Shares of tanker owners stayed on a relatively even keel on Monday as news of the new Covid-19 variant Omicron continued to dominate headlines.

South Africa reported the new strain's emergence to the World Health Organisation on Wednesday, causing New York shipping shares to tumble on Friday.

Tanker stocks remained stable on Monday for the most part, despite news reports of countries instituting travel bans to prevent the variant from spreading.

The risk of that happening, however, is causing anxiety in the tanker sector that could eventually lead to sell-offs, Jefferiers analyst Randy Giveans said.

"This could further delay the rebound in tankers if economies shut again via new lockdowns, which would negatively impact demand for crude and refined products," he told TradeWinds.

Omicron jitters should not affect dry bulk shipping shares that much and they may even boost container ship shares by encouraging consumer spending during lockdown, he said.

Overreaction

"All that being said, there clearly was an overreaction in the equities as seen in the sell-off on Friday," he said.

"It was a lot easier for portfolio managers to sell while eating Thanksgiving leftovers than buy.

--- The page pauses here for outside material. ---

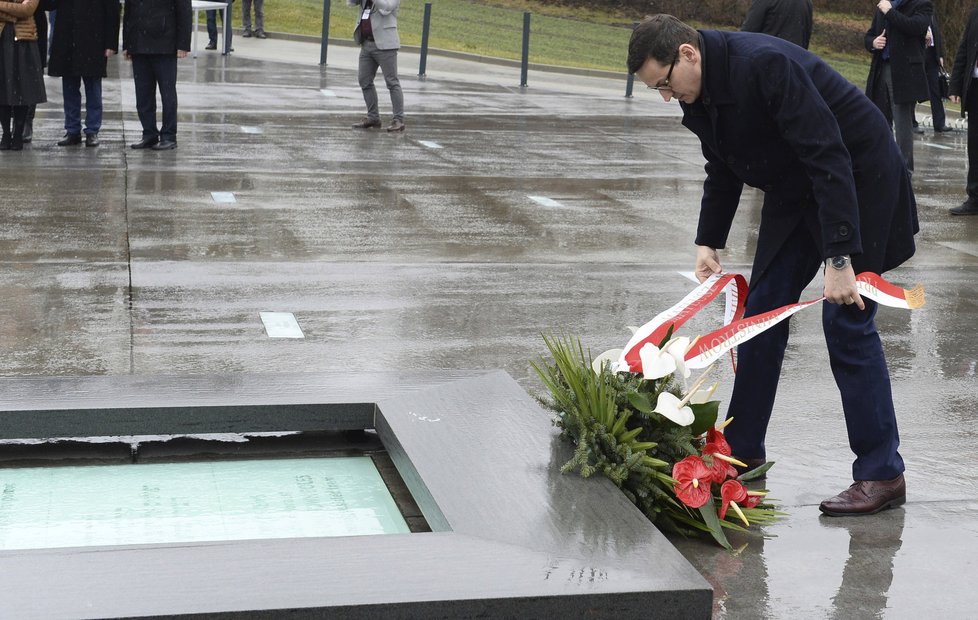 Polský premiér Mateusz Morawieck na návštěvě muzea ve městě Markowa, připomínajícím skutky Poláků, kteří za 2. světové války zachraňovali židy.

Now for today, cooler heads are prevailing as seen with the share price gains for most of shipping as well as a rebound in the price of crude."

About 30 countries have issued travel restrictions as of Monday as the World Health Organisation warned that Omicron poses a "very high" global risk with "severe consequences".

Jefferies analyst Randy Giveans chalked up Friday's major sell-off to an overreaction to Omicron. Photo: Contributed

But only 10 out of 26 tanker equities monitored by TradeWinds Markets fell slightly by mid-afternoon on Monday.

Shares of New York-listed KNOT Offshore Partners, the Gary Chapman-led owner of 16 shuttle tankers, took the biggest hit, declining 4% to $16.17.

Shares of Concordia Maritime, a Stockholm-listed owner of 10 product tankers, saw the biggest gain, with a 4.3% jump to SEK 5.86 ($0.59).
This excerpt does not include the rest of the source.